> _YOUR ASSIGNMENT_: The output should hold exactly, and only, the lines from the line bearing "Coble Metal Table" through the last line of the listing below, and no pictures.

> _SOURCE MATERIAL_:
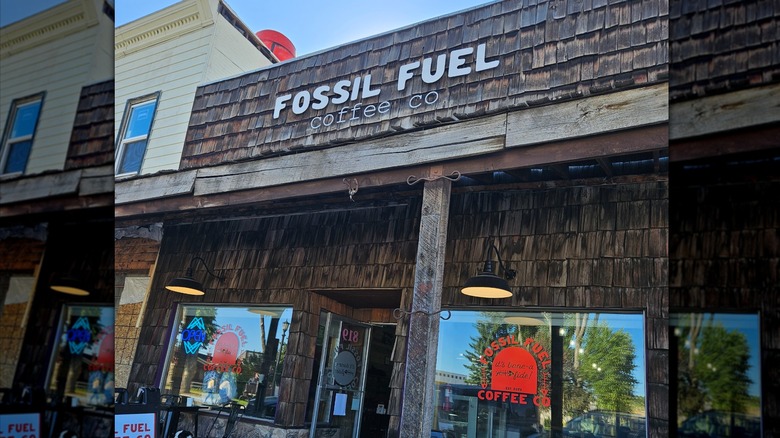 The facade of Fossil Fuel Coffee Company in Kemmerer, Wyoming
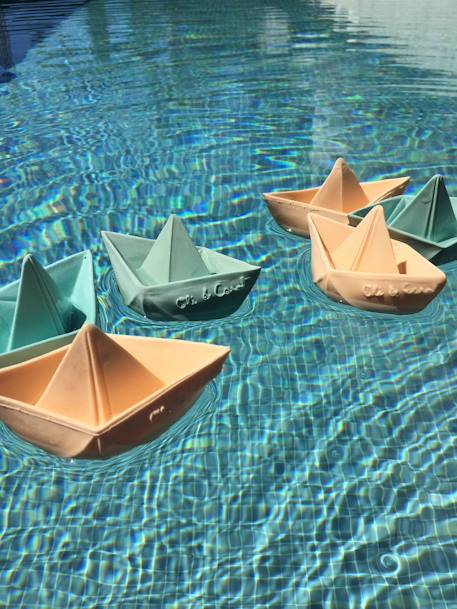 Jouet de bain Bateau Origami - OLI & CAROL MENTHE+NUDE+VANILLE 7 - vertbaudet enfant 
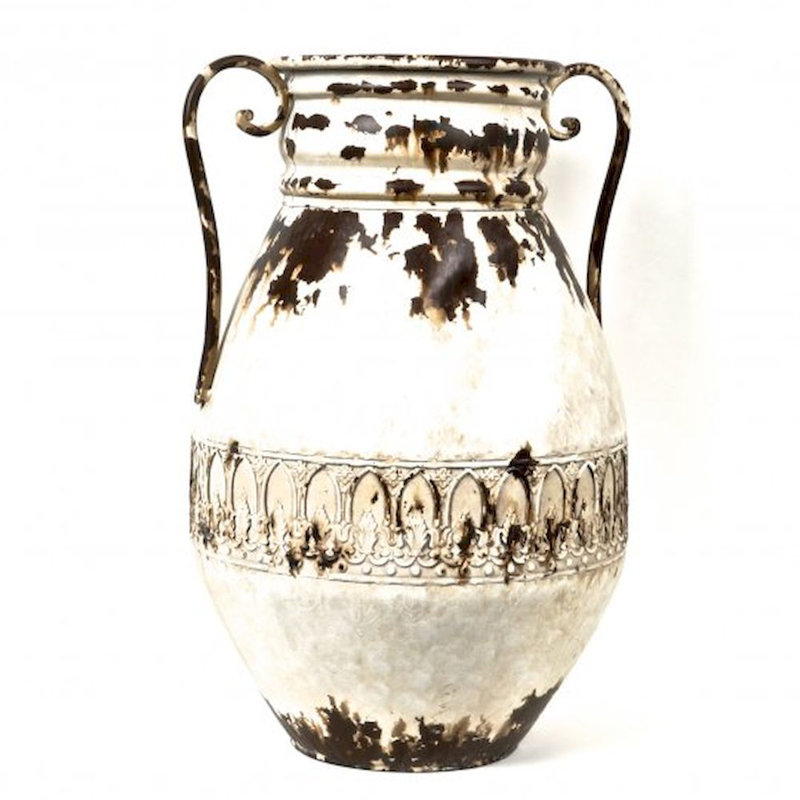 Coble Metal Table Vase, 15.7" H x 13.5" W x 10.2" D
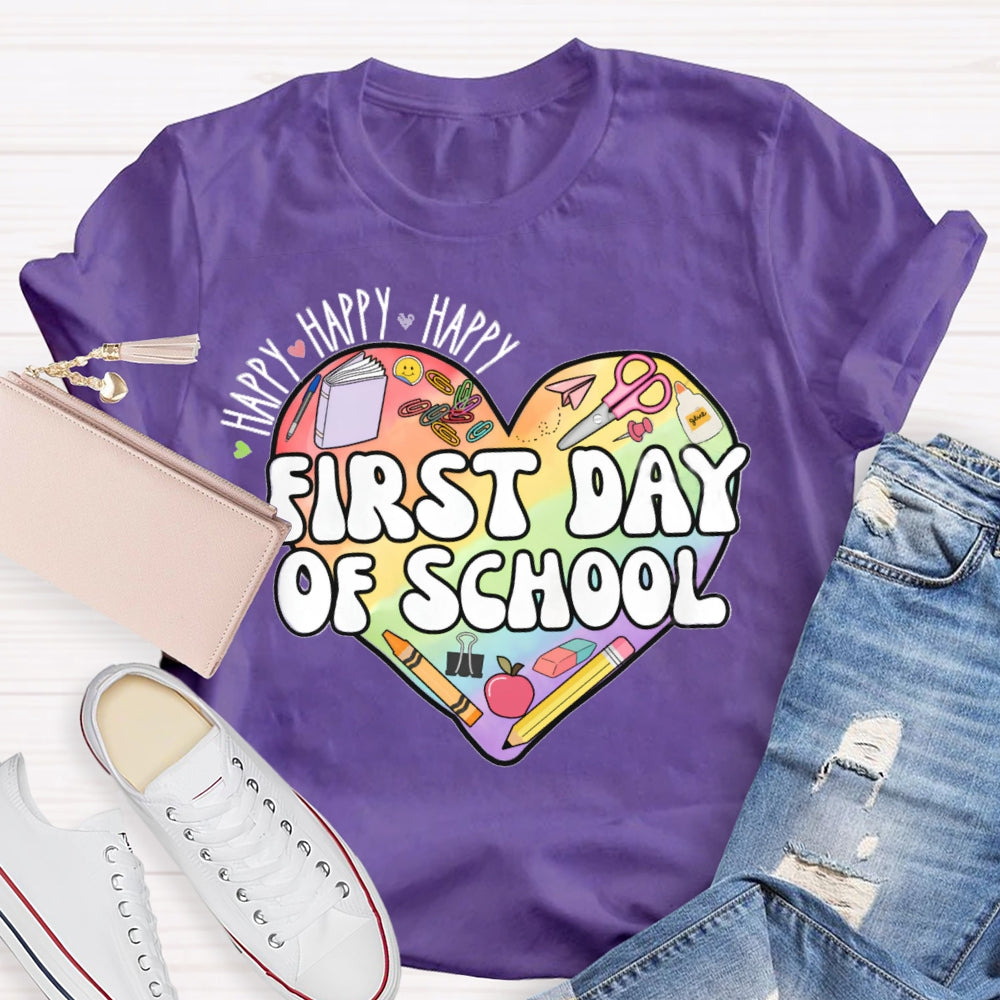 Happy Happy First Day Of School Colored Heart T-shirt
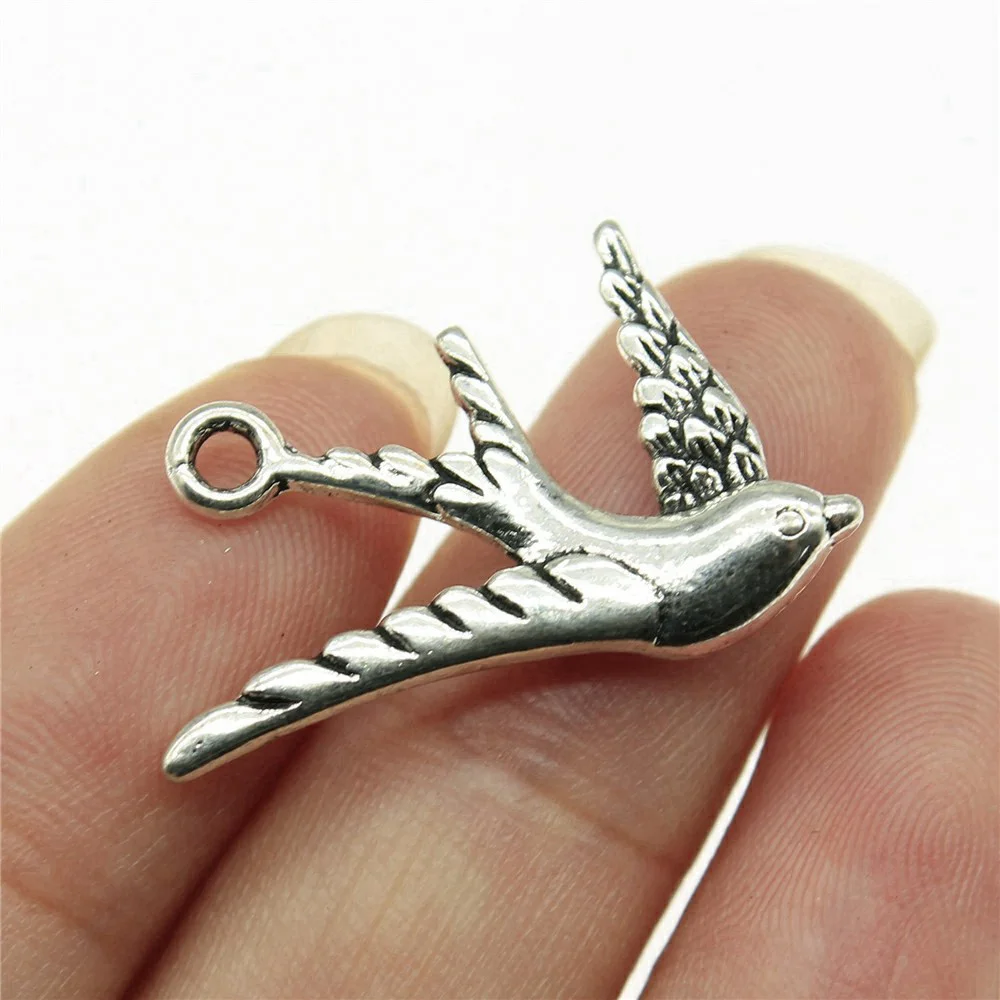 10pcs/lot 26x25mm Bird Charms For Jewelry Making Antique Silver Color 1.02x0.98inch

> _WRITTEN RESPONSE_:
 Coble Metal Table Vase, 15.7" H x 13.5" W x 10.2" D
 Happy Happy First Day Of School Colored Heart T-shirt
 10pcs/lot 26x25mm Bird Charms For Jewelry Making Antique Silver Color 1.02x0.98inch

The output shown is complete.